* [Supplied data]:
#####

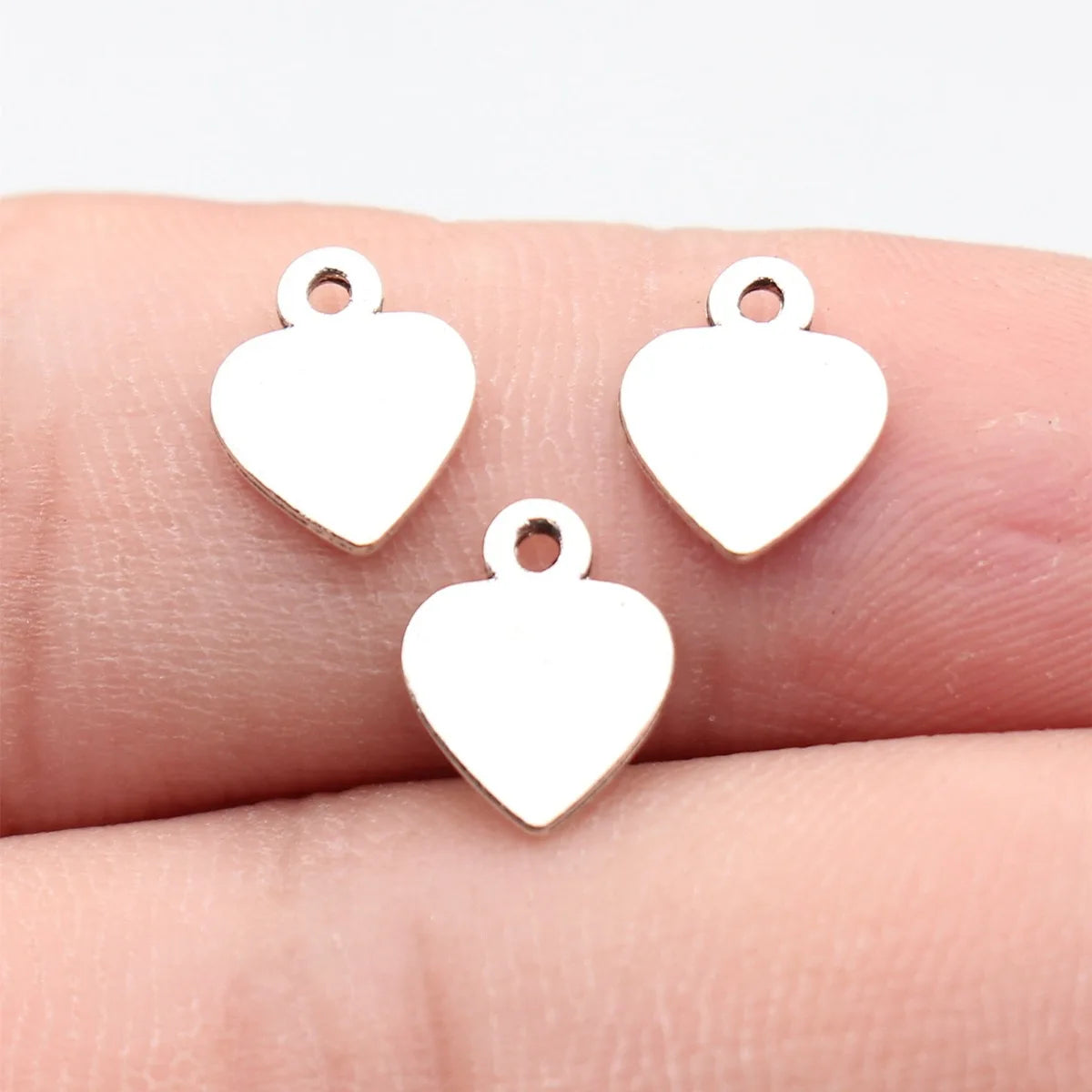 10x8.2mm 0.32g Antique Silver Zinc Alloy Heart Charm Pendant for Necklace Bracelet Earring DIY Making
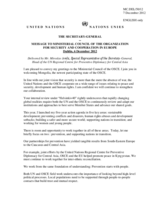 Statement by Mr. Miroslav Jenca, Special Representative of the Secretary General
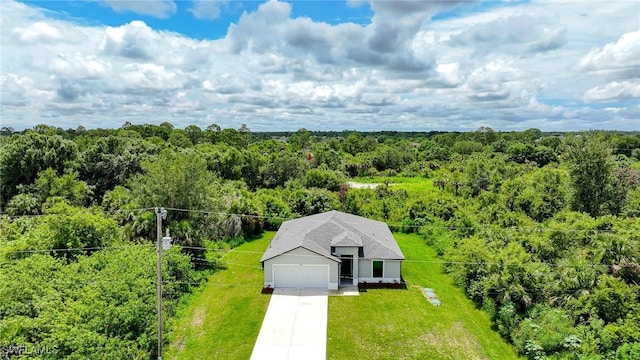 374 Pennfield St, Lehigh Acres, FL 33974 - view of subject property featuring a forest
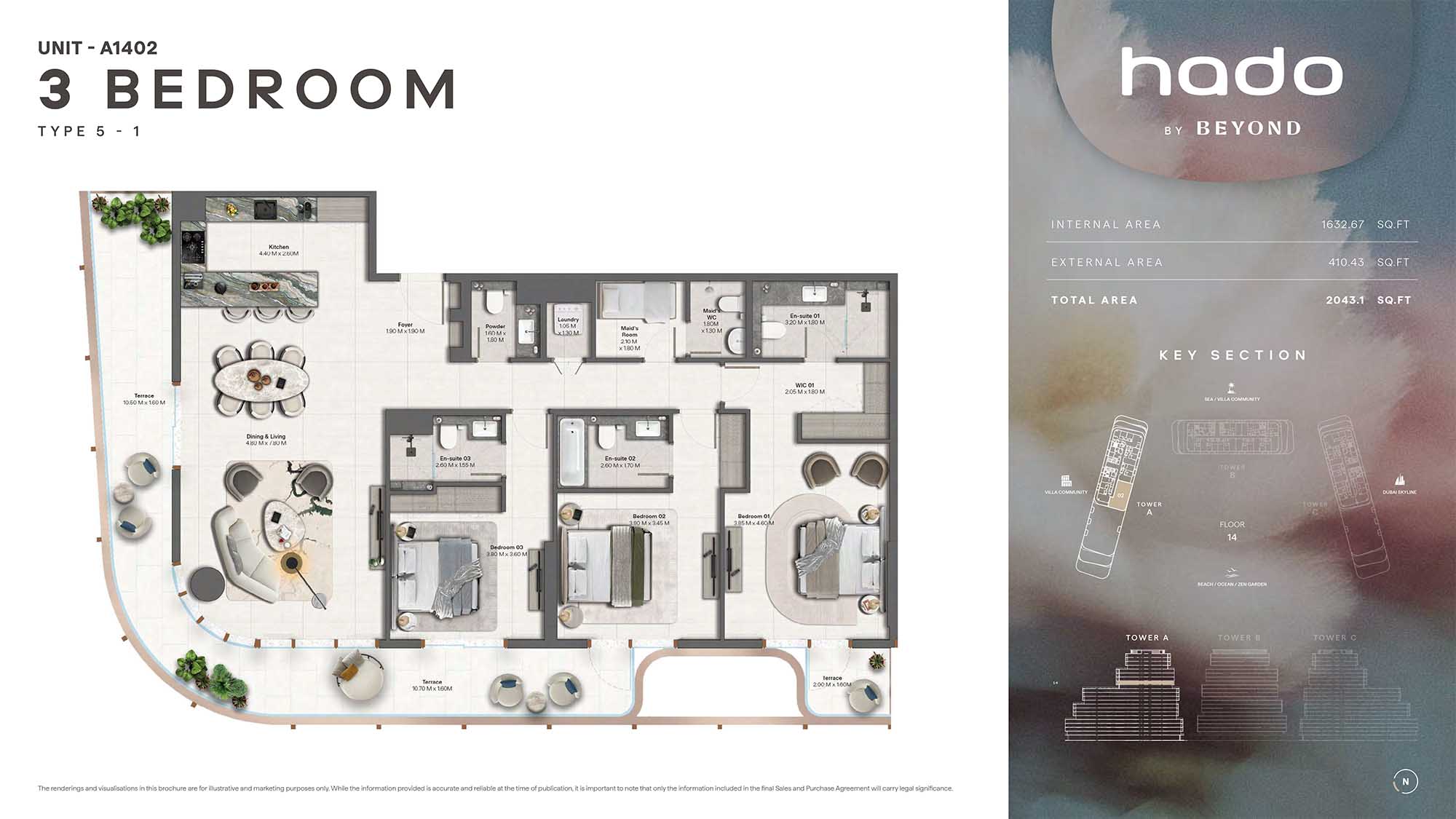 14th Floor (Type 1-5 Unit A1402)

#####

* [What you will do]: Once the line containing "374 Pennfield St, Lehigh" is found, transcribe it and the rest of the lines to the end of the listing above exactly, omitting all pictures.

* [Answer section]:
 374 Pennfield St, Lehigh Acres, FL 33974 - view of subject property featuring a forest
 14th Floor (Type 1-5 Unit A1402)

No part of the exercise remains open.